Damit macht er sich am Schloss von Erschlers Büro zu
schaffen.
Der Einbrecher wirkt ungeübt. Wegen seiner Handschuhe hat er
Schwierigkeiten, mit dem feinen Werkzeug umzugehen. Als er versucht,
mit einer Zange auf einen Schraubenzieher zu schlagen,
den er ins Schloss geschoben hat, trifft er immer wieder daneben.
Kurz hält der Dieb inne und lauscht. Dann werkt er weiter. Nach
einer Weile hat er das Schloss geknackt, die Tür springt auf und er
verschwindet im Büro des CEOs. Einige Augenblicke lang ist er so
aus dem Sichtfeld der Überwachungskamera verschwunden. Jonas
schaut zu Kevin. »Ein Aprilscherz im Jänner?«
Kevin schüttelt dramatisch den Kopf, bevor er mit leidgeprüfter
Miene sagt: »Die Maria hat geschrieben, dass sie schon die ersten
Polizisten gesehen hat.«
»Werden wir jetzt alle befragt, oder was?«
»Schau, es geht weiter«, ereifert sich Kevin und stiert auf den
Bildschirm. Doch man sieht nur mehr, wie der Einbrecher mit
dem Etui in der einen und einem Koffer in der anderen Hand aus
dem Büro kommt. Am Gang bleibt der Dieb dann etwa eine halbe
Minute lang stehen, blickt den Gang entlang und geht erst dann
schnellen Schrittes weiter.
»Wer, glaubst du, war's?«, fragt Kevin sensationsgeil.
»Was meinst du jetzt?«
»Alle fragen sich, wer's gewesen sein könnte.

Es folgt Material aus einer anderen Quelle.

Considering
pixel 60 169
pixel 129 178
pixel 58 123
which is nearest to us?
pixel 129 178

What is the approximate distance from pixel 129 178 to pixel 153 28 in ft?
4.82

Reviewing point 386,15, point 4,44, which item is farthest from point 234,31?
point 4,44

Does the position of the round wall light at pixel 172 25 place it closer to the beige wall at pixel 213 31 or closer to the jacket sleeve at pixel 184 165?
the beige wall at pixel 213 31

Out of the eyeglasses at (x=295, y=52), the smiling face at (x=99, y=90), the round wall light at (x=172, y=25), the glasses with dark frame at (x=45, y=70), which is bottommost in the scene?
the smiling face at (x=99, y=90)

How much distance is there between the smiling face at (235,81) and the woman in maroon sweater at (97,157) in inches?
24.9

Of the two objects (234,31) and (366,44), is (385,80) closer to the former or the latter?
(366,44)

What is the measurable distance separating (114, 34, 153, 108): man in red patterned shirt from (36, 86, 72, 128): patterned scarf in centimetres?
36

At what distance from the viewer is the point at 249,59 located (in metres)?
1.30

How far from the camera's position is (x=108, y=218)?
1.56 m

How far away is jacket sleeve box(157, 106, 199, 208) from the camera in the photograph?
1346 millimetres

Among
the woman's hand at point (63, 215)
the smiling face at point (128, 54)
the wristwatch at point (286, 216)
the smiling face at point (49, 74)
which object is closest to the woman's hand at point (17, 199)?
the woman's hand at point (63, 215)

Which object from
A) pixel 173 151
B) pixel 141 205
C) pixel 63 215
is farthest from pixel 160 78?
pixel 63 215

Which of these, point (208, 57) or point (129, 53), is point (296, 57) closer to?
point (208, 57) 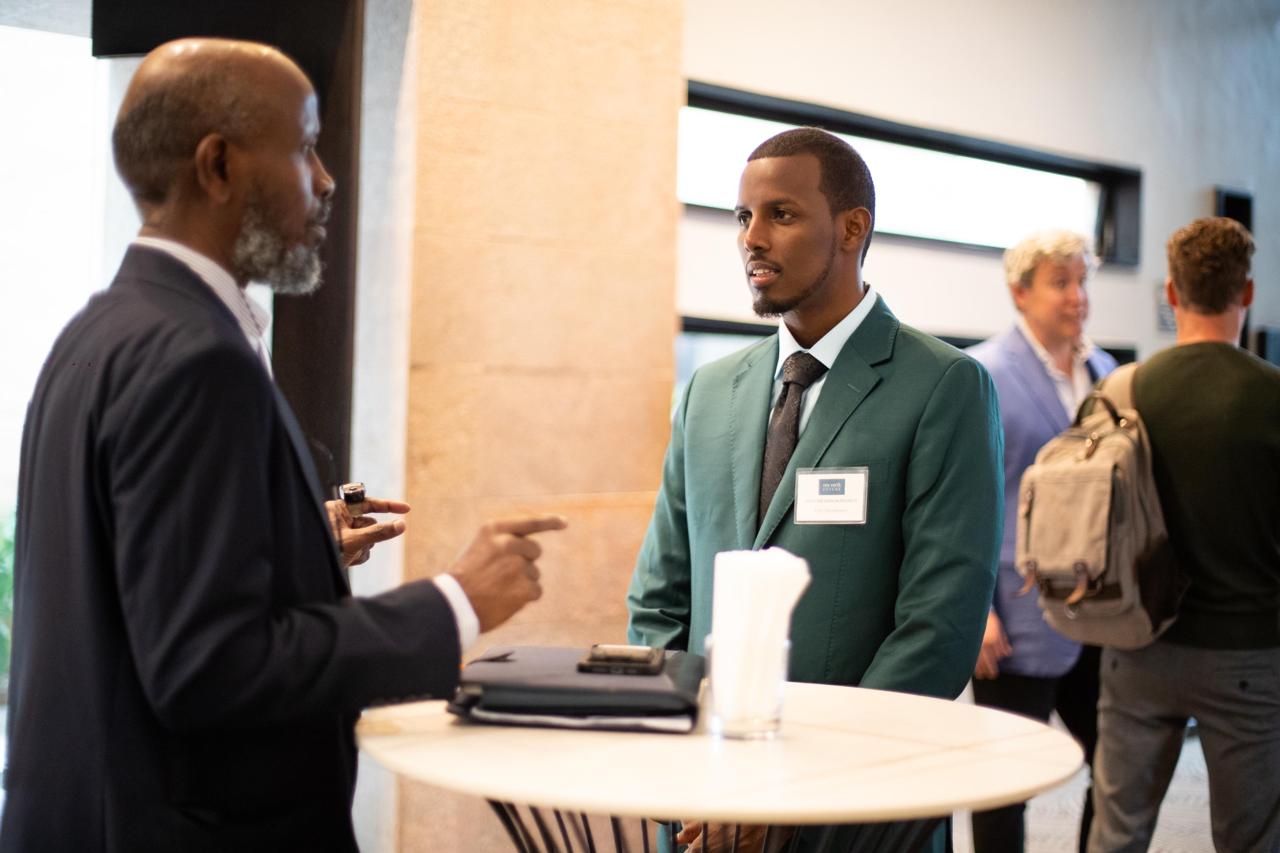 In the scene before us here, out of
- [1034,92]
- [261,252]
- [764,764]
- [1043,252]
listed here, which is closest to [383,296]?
[261,252]

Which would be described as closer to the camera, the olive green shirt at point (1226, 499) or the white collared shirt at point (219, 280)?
the white collared shirt at point (219, 280)

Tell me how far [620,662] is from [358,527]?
2.06ft

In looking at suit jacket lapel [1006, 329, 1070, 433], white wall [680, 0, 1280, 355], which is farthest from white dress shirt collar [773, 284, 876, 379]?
white wall [680, 0, 1280, 355]

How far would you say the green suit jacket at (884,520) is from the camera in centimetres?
198

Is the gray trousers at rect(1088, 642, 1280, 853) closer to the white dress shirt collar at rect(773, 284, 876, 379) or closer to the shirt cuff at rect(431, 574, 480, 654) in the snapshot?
the white dress shirt collar at rect(773, 284, 876, 379)

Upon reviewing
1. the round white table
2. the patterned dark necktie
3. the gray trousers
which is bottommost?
the gray trousers

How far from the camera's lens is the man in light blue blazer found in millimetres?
3221

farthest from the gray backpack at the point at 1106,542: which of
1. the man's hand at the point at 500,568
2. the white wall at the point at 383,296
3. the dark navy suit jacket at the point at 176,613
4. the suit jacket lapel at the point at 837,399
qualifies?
the dark navy suit jacket at the point at 176,613

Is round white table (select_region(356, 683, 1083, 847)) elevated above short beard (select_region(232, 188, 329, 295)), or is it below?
below

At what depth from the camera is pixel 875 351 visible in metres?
2.18

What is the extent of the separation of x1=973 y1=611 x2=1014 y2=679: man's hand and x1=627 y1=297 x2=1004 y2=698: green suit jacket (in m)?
1.17

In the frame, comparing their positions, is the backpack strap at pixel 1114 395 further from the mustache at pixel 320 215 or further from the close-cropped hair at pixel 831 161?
the mustache at pixel 320 215

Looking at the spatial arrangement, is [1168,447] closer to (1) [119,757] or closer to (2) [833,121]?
(1) [119,757]

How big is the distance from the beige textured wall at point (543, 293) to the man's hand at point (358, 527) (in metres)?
0.98
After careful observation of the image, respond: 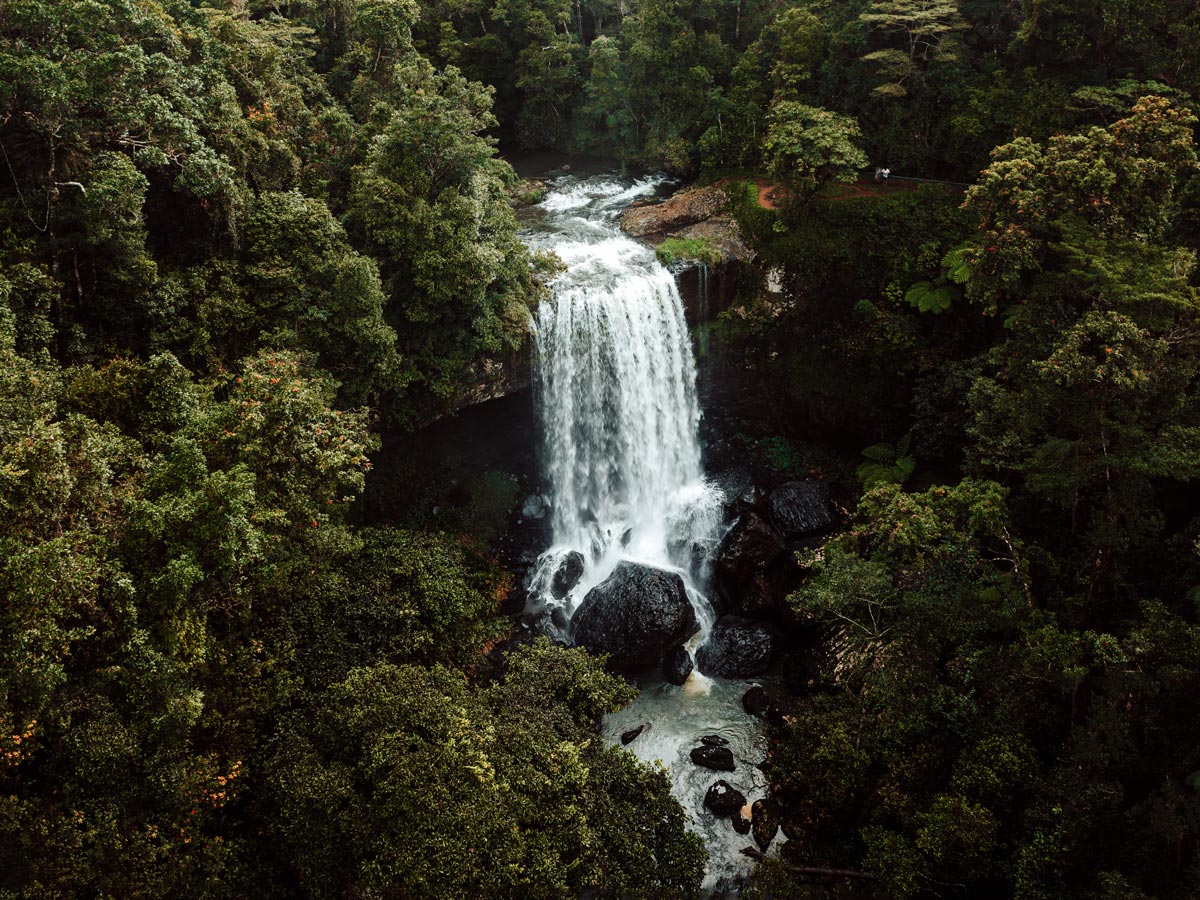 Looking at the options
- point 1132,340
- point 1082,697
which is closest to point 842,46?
point 1132,340

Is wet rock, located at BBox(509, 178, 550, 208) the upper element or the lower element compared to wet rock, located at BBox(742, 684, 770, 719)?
upper

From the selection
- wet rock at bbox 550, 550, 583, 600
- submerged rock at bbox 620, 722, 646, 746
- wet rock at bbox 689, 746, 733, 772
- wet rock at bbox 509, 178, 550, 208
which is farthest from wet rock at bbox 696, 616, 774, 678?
wet rock at bbox 509, 178, 550, 208

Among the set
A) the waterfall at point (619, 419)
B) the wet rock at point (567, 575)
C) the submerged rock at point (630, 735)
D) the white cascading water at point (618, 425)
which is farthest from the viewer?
the waterfall at point (619, 419)

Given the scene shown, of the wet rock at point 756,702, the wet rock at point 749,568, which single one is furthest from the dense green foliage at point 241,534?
the wet rock at point 749,568

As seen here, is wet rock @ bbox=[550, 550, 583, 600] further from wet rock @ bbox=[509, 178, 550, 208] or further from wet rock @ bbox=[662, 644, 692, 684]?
wet rock @ bbox=[509, 178, 550, 208]

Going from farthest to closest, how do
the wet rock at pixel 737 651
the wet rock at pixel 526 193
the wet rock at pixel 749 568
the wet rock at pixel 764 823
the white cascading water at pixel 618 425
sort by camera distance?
the wet rock at pixel 526 193 → the white cascading water at pixel 618 425 → the wet rock at pixel 749 568 → the wet rock at pixel 737 651 → the wet rock at pixel 764 823

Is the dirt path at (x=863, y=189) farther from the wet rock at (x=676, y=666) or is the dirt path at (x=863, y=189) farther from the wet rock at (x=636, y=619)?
the wet rock at (x=676, y=666) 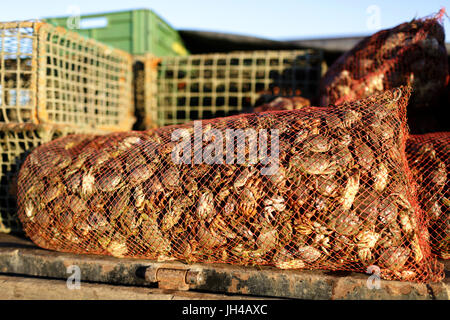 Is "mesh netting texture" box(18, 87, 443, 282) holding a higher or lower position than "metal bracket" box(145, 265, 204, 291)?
higher

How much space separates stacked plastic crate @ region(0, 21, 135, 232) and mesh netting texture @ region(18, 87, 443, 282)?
0.78 m

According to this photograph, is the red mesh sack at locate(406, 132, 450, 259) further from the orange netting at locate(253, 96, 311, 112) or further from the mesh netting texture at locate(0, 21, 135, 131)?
the mesh netting texture at locate(0, 21, 135, 131)

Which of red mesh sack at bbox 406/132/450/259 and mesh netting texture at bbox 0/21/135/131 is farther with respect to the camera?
mesh netting texture at bbox 0/21/135/131

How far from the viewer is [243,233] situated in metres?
1.81

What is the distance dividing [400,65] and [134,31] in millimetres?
3150

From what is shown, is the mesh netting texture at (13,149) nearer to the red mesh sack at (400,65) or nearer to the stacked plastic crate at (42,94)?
the stacked plastic crate at (42,94)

Es gibt sogar eine
Verdächtigen-WhatsApp-Gruppe.«
»Ja, ein Einbrecher halt«, sagt Jonas genervt, denn die feuchte
Kälte lässt seine Nase rinnen.
»Ja, aber es ist doch glasklar, dass es einer aus der Firma gewesen
sein muss. Nur wir wussten, dass sich dieses Geld in der
Firma befindet. Und so gut wie alle haben gestern »witzige« Kommentare
darüber geschoben, dass sie sich diesen Geldkoffer
schnappen wollen.«
Jonas hebt die rechte Augenbraue, die linke ist seit seinem
missglückten Augenbrauen-Piercing taub: »Also ich habe gedacht,
das Preisgeld würde erst kurz vorm Finale angeliefert werden. Ich
meine, wozu sollte es schon jetzt hier sein, wo wir noch nicht
einmal die erste Folge gedreht haben?«
»Na wegen des Fotoshootings. Hast du das nicht mitbekommen?
«
Jonas schüttelt langsam den Kopf, also fährt Kevin fort:
»Gestern war ja dieses zweistündige Fotoshooting mit der
neuen, scharfen Moderatorin.«
»Die findest du scharf?«
»Sie ist zumindest ein neues Gesicht, aber angeblich ist sie eine
ziemliche Zicke. Der Praktikant hat sie offenbar falsch am Telefon
gebrieft und sie ist dann bei der Probe richtig ausgezuckt.«
»Sorry, aber man kann auch nicht die Moderatorin vom Praktikanten
briefen lassen. Das geht gar nicht.«
»Stimmt«, pflichtet ihm Kevin bei und sagt schnell: »Ja, also das
Fotoshooting war jedenfalls mit ihr, ein paar von den gecasteten
Kindern und dem Koffer mit der Million Euro. Süße Kinder, sexy
Frau und fettes Geld, du weißt ja, wie die Vorberichterstattung
läuft.«
»Der Geldkoffer ist dann einfach in der Firma geblieben?«
»Der hätte eigentlich heute Früh wieder mit einem Spezialtransport
zurück in die Bank gebracht werden sollen«, erklärt Kevin,
während Jonas der Geruch von frisch gemahlenem Kaffee in die
Nase steigt. Die Quelle ist ein Pappkaffeebecher, den eine Praktikantin
gerade an ihm vorbeiträgt. Um möglichst schnell weg von
dem Gespräch und zu seinem eigenen Kaffeegenuss zu kommen,
sagt Jonas bloß: »Ich hab' echt nichts davon mitbekommen.«
»Wieder ein bisschen viel gekifft, hä?«, grinst der Redakteur,
aber sein Witz kommt bei Jonas nicht besonders gut an. Als Antwort
hebt er nur die rechte Augenbraue.
Dabei versucht Kevin mit einer betont lässigen Geste sein
Handy wegzustecken. Das überdimensionale Handy passt nur
leider nicht in seine vordere Hosentasche.
»Vielleicht warst es ja du«, scherzt Jonas.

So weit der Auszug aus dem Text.